Aí a história fica mais interessante. Porque todos imaginamos que uma criança chamada Hitler tenha sofrido muito na escola. Mas não nosso personagem. “Nunca tive problema quando criança. Nem na escola. E quando fui entender o que era o meu nome nada mudou. Foi sempre apenas um nome”, disse Hitler, que também é Kléber e é Pederssetti, com uma simplicidade sincera.

“Bah, que nada!”

A resposta, porém, não me satisfaz e insisto: não é possível que na adolescência esse nome não tenha lhe causado problemas, Hitler. “Bah, que nada!”, diz ele, rindo, para depois emendar sabiamente: “Nunca me senti inferior por causa do meu nome. Afinal, não tenho como controlar o pensamento dos outros. Se alguém quiser usar para me diminuir, para me depreciar, paciência. Não vou me afetar por isso”.

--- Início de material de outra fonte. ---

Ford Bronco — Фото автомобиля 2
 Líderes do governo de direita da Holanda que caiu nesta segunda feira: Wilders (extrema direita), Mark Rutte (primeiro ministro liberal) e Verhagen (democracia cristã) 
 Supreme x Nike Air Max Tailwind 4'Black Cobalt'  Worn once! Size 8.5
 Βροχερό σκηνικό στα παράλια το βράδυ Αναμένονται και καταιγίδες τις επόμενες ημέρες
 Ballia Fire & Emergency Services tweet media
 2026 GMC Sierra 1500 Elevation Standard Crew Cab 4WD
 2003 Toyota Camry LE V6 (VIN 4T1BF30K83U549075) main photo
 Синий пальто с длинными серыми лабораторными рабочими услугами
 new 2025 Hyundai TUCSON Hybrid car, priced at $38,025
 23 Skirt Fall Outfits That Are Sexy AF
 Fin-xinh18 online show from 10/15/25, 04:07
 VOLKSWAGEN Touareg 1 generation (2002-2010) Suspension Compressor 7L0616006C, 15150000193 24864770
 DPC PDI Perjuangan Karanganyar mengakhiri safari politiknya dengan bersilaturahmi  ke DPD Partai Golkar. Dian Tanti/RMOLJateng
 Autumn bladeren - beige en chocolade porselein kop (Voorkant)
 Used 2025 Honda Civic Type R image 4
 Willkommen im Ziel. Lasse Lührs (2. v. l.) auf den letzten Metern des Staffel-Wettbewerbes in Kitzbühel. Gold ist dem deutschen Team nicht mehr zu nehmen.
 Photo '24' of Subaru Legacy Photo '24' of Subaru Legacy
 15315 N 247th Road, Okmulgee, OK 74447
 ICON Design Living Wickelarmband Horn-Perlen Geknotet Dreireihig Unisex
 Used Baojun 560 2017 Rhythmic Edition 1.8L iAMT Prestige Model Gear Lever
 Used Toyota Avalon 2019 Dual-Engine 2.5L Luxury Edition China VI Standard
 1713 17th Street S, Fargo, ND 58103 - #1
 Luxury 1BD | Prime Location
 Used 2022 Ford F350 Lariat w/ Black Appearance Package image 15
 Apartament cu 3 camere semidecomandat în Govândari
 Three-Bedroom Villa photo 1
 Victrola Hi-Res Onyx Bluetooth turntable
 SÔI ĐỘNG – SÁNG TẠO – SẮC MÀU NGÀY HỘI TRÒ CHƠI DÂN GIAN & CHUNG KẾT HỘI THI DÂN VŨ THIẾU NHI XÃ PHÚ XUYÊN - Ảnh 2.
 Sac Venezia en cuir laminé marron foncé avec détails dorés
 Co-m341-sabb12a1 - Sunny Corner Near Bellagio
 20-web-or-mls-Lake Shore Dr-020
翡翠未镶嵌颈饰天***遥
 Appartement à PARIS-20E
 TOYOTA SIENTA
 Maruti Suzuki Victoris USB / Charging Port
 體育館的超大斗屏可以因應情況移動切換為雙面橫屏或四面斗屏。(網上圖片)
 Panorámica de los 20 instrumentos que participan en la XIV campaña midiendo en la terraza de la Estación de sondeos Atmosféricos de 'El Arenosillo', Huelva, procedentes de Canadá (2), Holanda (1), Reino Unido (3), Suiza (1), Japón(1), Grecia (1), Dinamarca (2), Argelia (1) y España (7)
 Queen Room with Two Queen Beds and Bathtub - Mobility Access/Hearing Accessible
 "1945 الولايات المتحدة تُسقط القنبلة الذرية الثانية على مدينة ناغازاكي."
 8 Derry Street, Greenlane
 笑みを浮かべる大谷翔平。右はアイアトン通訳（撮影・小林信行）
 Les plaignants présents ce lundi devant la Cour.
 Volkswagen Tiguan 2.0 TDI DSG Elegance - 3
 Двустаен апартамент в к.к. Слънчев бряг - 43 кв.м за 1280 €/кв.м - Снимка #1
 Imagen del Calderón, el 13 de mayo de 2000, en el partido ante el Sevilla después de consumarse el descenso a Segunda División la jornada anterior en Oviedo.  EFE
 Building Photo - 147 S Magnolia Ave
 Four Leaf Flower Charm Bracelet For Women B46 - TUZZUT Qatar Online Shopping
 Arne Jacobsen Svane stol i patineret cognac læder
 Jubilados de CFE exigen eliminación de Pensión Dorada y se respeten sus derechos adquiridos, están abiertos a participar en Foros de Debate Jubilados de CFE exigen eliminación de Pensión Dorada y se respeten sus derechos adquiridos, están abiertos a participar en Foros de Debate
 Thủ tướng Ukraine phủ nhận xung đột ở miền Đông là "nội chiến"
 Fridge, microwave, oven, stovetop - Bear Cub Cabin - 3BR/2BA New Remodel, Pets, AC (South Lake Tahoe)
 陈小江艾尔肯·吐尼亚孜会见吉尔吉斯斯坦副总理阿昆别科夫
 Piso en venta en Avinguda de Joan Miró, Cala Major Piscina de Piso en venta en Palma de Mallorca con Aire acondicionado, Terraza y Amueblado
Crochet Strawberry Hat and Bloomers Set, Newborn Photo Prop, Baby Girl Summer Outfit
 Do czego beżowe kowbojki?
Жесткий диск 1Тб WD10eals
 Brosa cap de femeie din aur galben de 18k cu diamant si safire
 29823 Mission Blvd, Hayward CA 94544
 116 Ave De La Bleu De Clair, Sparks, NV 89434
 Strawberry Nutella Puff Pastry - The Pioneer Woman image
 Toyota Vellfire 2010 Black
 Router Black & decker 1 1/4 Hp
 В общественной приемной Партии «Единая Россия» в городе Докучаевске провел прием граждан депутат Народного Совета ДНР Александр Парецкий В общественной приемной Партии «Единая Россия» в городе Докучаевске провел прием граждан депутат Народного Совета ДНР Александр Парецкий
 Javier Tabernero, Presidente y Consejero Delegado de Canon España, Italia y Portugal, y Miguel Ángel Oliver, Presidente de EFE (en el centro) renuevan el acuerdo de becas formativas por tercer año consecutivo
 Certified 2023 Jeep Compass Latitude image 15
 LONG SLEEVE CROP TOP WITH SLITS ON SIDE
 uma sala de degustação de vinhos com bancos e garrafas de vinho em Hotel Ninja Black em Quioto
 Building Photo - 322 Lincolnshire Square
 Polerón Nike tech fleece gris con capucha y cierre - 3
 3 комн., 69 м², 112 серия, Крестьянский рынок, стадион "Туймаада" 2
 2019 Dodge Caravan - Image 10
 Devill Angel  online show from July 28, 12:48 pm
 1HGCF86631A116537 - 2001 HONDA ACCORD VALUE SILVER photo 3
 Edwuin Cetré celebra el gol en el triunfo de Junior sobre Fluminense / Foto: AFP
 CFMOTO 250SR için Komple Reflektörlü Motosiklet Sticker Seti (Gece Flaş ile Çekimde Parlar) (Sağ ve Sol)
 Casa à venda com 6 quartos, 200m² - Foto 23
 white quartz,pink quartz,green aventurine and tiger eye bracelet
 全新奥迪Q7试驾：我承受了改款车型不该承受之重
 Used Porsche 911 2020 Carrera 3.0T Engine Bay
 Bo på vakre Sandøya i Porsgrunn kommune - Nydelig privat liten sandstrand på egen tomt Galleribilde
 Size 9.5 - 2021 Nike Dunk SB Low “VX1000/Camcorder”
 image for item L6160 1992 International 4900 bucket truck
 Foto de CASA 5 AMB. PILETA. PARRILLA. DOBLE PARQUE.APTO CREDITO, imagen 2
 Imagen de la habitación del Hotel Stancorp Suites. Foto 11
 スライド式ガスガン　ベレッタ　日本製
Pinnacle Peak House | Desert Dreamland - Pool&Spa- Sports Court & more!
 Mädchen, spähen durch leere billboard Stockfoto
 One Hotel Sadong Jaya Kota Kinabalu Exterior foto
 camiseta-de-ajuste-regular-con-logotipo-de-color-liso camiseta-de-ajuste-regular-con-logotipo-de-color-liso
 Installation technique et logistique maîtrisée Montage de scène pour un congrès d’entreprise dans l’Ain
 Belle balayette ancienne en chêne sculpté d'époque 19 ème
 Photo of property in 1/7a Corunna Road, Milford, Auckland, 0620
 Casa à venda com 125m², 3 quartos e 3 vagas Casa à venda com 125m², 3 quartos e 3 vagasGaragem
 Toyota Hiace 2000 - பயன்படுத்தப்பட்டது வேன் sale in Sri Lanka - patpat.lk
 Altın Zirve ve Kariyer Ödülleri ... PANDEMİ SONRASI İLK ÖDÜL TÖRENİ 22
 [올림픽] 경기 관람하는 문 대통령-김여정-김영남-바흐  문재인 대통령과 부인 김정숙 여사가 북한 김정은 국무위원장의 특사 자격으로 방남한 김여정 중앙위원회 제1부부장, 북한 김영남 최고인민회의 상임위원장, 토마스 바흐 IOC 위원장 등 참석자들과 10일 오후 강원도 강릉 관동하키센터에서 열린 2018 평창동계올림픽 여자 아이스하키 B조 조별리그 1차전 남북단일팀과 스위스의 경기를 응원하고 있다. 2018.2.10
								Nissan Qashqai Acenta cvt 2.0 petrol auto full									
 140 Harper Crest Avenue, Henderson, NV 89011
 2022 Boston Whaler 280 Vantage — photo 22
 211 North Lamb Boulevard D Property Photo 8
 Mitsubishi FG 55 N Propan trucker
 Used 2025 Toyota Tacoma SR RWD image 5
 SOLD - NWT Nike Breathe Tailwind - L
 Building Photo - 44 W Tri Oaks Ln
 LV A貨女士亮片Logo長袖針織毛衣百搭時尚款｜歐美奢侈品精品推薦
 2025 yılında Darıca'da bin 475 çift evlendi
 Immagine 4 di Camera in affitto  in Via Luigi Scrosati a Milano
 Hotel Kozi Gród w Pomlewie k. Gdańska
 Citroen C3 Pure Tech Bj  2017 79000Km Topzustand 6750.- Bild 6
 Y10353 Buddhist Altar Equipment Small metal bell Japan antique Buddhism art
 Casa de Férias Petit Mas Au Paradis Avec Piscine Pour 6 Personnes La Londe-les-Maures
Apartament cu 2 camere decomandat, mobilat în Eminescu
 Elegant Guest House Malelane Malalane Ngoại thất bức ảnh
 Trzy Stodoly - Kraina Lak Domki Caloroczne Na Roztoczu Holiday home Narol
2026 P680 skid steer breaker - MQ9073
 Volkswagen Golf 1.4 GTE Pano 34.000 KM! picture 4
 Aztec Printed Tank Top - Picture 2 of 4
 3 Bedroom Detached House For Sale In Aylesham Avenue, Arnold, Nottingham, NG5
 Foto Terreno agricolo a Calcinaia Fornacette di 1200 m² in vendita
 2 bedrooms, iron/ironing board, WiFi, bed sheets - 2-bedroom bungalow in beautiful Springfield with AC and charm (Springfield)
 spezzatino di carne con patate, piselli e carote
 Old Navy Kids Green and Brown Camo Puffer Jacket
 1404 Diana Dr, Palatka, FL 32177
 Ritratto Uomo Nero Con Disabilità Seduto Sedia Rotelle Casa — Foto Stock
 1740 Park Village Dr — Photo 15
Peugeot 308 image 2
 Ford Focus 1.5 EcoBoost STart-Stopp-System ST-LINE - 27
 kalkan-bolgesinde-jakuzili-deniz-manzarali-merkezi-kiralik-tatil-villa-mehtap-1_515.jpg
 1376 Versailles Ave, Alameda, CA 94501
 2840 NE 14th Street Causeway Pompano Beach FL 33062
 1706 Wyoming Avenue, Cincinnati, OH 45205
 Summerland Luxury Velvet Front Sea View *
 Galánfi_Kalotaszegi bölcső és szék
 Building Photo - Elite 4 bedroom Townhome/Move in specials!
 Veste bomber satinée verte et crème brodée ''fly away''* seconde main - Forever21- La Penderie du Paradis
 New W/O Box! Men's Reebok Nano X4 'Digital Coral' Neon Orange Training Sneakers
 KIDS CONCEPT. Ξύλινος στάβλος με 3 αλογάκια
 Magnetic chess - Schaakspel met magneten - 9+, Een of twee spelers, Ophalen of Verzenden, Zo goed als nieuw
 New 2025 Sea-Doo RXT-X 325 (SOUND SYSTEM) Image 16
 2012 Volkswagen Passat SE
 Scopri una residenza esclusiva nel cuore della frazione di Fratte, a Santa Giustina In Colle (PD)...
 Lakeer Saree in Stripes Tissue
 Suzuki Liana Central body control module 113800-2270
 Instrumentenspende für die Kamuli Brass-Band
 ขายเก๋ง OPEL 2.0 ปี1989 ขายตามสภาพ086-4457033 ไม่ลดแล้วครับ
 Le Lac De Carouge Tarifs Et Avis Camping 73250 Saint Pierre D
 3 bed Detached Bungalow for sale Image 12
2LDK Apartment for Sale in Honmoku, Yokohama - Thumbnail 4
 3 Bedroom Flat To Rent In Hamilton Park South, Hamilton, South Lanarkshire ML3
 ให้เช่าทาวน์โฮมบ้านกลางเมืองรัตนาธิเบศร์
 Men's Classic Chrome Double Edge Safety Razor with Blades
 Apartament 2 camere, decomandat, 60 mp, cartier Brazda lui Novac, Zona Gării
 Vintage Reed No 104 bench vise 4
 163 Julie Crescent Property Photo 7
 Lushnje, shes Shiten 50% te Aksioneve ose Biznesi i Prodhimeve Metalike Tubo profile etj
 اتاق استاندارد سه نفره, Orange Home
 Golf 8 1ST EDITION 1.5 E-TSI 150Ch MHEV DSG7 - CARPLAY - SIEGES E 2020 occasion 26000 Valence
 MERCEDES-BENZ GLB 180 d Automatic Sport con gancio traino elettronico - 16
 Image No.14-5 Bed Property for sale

Hitler conta que chegou até a fazer uma viagem de mochilão pela Europa, tendo a Alemanha incluída no roteiro, sem ser importunado por causa do curioso nome. As coisas só começaram a complicar para o homônimo do austríaco de bigodinho ridículo & encarnação da maldade depois que ele começou a usar as redes sociais.

Mais liberal que de direita

“Nas redes sociais já enfrentei muita dificuldade. O Instagram demorou dois anos para verificar minha conta. Antes disso, sempre saía do ar”, diz. Mas isso já era de se esperar, porque o algoritmo é burro, desalmado e principalmente despreparado para os caprichos, as coincidências e as esquisitices da vida real. Como, por exemplo, alguém dar ao filho o nome de Hitler por causa da sonoridade.

E tudo estava indo bem, até Hitler entrar para a política. Aí a esquerda não perdoou e continua não perdoando a coincidência do nome. Hitler conseguiu se eleger vereador, é bem verdade, mas durante a corrida pelo Executivo a coisa mudou um bocado. “O pessoal dizia: ‘Bah, mas tu não vai querer votar num Hitler pra prefeito, né? Ele representa o nazismo”, conta ele, que se identifica “mais como um liberal do que alguém de direita”. E aí é aquela coisa para alguém que carrega um nome tão cheio de, digamos, bagagem: “Se alguém falar que sou nazista, não poderei me defender”.

Um novo nome para Hitler

Por isso e por causa da filhinha de pouco mais de um ano, pela primeira vez na vida Hitler diz que está cogitando seriamente mudar de nome. “Até ser pai, nunca pensei em mudar o meu nome. Mas não quero que a minha filha, que talvez não saiba lidar com a agressividade dos outros, tenha que responder a perguntas do tipo ‘Por que seu pai é nazista?’ Não quero que ela carregue esse peso”, diz. E é compreensível e é até emocionante, porque nem todos os pais estão dispostos a abdicar do nome, da sua identidade, para proteger a filha de um mundo perverso.

Hitler, porém, não pretende se tornar apenas Kléber Pederssetti. Na verdade, a ideia de trocar de nome ainda não virou decisão, muito menos plano. É algo que ainda está no reino das boas intenções, por isso Hitler ainda não sabe que nome adotará. Só espero que ele não se decida por Josef, Benito, Fidel, Nicolás, Luiz Inácio nem Alexandre. “Muito obrigado, Hitler. Foi um prazer falar com o senhor”, encerro a conversa. E foi mesmo.